After finding the line with "Angles Design Pattern" in the entries below, retype exactly each line from there through the line with "cu chulainn (fate", including that final line.

PROVIDED RECORDS:
---
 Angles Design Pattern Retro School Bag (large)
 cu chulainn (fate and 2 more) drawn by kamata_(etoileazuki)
---
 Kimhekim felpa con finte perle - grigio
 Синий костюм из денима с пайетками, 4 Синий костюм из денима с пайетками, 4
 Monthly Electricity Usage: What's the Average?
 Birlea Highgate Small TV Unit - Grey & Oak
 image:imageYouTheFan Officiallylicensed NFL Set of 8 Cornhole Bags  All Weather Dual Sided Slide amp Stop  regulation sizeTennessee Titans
---
RESPONSE BOX:
 Angles Design Pattern Retro School Bag (large)
 cu chulainn (fate and 2 more) drawn by kamata_(etoileazuki)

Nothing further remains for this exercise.